A rich tourist visiting the area drives through town, stops at the motel, and lays a $100 bill on the desk saying he wants to inspect the rooms upstairs to pick one for the night.
As soon as he walks upstairs, the motel owner grabs the bill and runs next door to pay his debt to the butcher.
The butcher takes the $100 and runs down the street to retire his debt to the pig farmer.

The pig farmer takes the $100 and heads off to pay his bill to his supplier, the Farmer's Co-op.
The guy at the Farmer's Co-op takes the $100 and runs to pay his debt to the local prostitute, who has also been facing hard times and has had to offer her "services" on credit.
The hooker rushes to the hotel and pays off her room bill with the hotel owner. The hotel proprietor then places the $100 back on the counter so the rich traveler will not suspect anything.
At that moment the traveler comes down the stairs, states that the rooms are not satisfactory, picks up the $100 bill and leaves town.
No one produced anything. No one earned anything... However, the whole town is now out of debt and now looks to the future with a lot more optimism.
And that, ladies and gentlemen, is how the United States government is conducting business today.

5 comments:

D.K. Raed said...

OK I was patting myself on the back, trying hard to remain in the 13% bracket. It was a valiant effort, but I hung in there until the dreaded name "Samuelson" appeared ... then all the bad memories came flooding back ... the designated naptime otherwise known as Econ 101 ... the tearing of my brain trying to comprehend what is the pro-argument for guns vs butter ... the ... oh let's just say I was a dismal failure in the dismal science!

Still, I appreciated the "joke" at the end ... trying to figure out the flaw in the joke's logic hurting my brain ... oh wait, I just got it!
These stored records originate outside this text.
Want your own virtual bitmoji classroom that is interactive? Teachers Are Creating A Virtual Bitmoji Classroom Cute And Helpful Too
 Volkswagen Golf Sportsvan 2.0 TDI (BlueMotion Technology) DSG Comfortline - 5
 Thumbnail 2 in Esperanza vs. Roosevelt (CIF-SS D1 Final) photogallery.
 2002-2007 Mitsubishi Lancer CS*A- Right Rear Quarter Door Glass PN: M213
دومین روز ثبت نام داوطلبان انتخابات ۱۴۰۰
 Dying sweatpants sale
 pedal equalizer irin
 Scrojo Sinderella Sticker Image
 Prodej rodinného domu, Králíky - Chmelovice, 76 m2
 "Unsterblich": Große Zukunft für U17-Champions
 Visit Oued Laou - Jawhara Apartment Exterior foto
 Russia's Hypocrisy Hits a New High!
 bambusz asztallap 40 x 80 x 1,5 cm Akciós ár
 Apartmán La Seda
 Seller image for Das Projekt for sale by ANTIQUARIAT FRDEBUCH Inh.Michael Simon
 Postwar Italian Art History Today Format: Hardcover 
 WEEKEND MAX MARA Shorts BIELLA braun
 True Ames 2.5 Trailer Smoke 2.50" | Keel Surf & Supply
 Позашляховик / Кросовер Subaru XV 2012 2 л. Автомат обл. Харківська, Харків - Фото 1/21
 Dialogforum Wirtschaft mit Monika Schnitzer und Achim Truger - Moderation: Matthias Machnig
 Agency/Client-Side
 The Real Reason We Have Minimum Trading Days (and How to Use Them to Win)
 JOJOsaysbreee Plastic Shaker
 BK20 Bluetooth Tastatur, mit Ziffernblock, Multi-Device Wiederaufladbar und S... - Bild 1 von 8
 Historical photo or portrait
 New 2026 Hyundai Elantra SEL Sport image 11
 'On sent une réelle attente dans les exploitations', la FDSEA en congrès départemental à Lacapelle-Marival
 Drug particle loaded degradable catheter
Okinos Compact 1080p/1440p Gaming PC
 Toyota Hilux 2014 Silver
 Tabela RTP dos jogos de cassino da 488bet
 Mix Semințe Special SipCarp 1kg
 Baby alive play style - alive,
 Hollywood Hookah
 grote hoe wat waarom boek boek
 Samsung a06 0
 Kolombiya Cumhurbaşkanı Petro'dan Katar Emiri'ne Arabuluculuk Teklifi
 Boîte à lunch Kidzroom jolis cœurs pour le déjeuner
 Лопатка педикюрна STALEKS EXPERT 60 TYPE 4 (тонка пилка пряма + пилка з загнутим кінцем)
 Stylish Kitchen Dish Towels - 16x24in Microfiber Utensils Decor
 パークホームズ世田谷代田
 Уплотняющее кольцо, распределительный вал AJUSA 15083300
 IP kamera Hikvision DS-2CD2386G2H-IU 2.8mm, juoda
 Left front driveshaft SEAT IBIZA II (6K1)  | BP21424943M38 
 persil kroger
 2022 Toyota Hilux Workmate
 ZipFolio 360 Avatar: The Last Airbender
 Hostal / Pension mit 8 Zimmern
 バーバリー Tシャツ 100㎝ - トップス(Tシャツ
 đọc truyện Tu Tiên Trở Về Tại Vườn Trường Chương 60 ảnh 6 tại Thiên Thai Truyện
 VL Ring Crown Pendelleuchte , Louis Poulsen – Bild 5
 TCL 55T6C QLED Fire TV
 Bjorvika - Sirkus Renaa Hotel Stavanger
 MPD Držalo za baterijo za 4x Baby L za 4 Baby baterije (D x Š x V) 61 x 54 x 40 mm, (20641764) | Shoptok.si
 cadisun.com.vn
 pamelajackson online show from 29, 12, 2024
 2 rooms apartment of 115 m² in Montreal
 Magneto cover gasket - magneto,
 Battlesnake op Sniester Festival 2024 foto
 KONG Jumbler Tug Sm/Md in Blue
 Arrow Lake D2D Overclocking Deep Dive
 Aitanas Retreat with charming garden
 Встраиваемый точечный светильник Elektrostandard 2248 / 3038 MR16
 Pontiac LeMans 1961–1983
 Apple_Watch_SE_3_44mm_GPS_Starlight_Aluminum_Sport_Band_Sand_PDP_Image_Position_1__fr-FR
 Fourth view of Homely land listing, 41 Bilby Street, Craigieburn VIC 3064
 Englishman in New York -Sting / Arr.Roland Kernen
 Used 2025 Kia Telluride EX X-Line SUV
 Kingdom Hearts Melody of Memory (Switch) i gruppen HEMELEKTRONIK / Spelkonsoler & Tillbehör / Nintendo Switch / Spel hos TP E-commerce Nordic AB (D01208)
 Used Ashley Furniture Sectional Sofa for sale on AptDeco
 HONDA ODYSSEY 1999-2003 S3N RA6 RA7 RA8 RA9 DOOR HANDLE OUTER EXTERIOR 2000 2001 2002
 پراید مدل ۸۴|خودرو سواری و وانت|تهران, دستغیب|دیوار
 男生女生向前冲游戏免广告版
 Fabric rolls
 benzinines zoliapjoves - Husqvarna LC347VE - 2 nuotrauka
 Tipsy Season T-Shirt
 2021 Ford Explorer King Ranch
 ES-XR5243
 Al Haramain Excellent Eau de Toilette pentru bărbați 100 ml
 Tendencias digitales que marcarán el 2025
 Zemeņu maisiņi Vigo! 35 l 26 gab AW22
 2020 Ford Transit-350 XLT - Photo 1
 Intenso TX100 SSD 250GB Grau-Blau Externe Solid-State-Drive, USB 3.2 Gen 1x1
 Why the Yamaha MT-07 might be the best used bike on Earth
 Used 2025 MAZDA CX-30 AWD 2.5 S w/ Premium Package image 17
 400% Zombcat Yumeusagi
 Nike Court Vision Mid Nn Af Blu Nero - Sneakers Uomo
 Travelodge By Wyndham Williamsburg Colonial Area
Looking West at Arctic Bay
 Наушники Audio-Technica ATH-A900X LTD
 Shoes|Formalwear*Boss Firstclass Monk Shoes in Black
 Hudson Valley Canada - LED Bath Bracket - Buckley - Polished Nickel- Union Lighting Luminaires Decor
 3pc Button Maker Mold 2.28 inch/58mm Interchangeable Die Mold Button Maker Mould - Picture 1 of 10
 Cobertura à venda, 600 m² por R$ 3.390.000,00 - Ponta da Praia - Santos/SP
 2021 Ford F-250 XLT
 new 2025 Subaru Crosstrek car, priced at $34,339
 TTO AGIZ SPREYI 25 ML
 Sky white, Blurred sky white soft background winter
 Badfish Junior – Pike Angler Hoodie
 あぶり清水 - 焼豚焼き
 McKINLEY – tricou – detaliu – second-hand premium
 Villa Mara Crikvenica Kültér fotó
The hotel owner is still owed $100 which means his grandchildren will have to collect it from the prostitute? So he (and by extension, the american people) is the butt of this joke?

I know I must be missing something. Give me a "D", Perfessor!

Thomas Wark said...

Did you ever TEACH economics. You should. Or at least guest lecture for Paul Krugman's classes at Princeton.

Dada said...

Deke: I thought I was grasping your brilliant conclusion about this serious economic conundrum but then *bingo* it hit me -- the hotel owner isn't still owed $100, is he? I mean, the prostitute settled her debt with the hotel owner and the hotel owner "repaid" the tourist the $100 he'd "borrowed" (after repaying his hotel debt to the butcher) which is really, REALLY a multiplier effect! (I think?) Anyway, the grandkids are in the clear. (I think.)

Thomas: Thank you for your vote of confidence in my economics. Of course, if I were to guest lecture for Krugman at Princeton, there's always the chance, knowing absolutely nothing about the perverted economics of the day, I might be selected by the Nobel committee for a prize. And, from recent precedent (or is that president? - language -- so confusing!), I might be tempted to actually accept it!

('This above all, to thy own self be true.....)

Fran said...

Pigs & prostitutes & economics.... you must have read the Doonesbury comic strip in last Sunday's paper....

"The same preditory geniuses who helped crater the world economy are being paid $20 billion?

Too stupid to fail?
On what planet does this make sense???

Haul 'em all down here for another meeting!

It closed in a frame that went like this:

"ANOTHER MEETING"

(Banking pigs dressed in suits & ties, sitting upright @ the boardroom table)

UH OINK

WHAT THE OINK?

OINK?

OINK ME.

I think Trudeau captured the essence.

Dada said...

Fran: I always read Doonesbury, but your brief synopsis here left synapses unfired, leaving me to go out to the garage in search of last Sunday's comics. Pray it's there or it's out to the big blue recycle bin.

Oh wait, wonder if I could just sit here and surf to last Sunday's strip?

OK, hmm, found it online, but it doesn't seem to align...Could your Eugene paper be out of sync with the rest of the space-time continuum?

If not, picture me rummaging through the old trash bin. Oh well, that'd be good practice for the new economics awaiting us all just over the horizon maybe?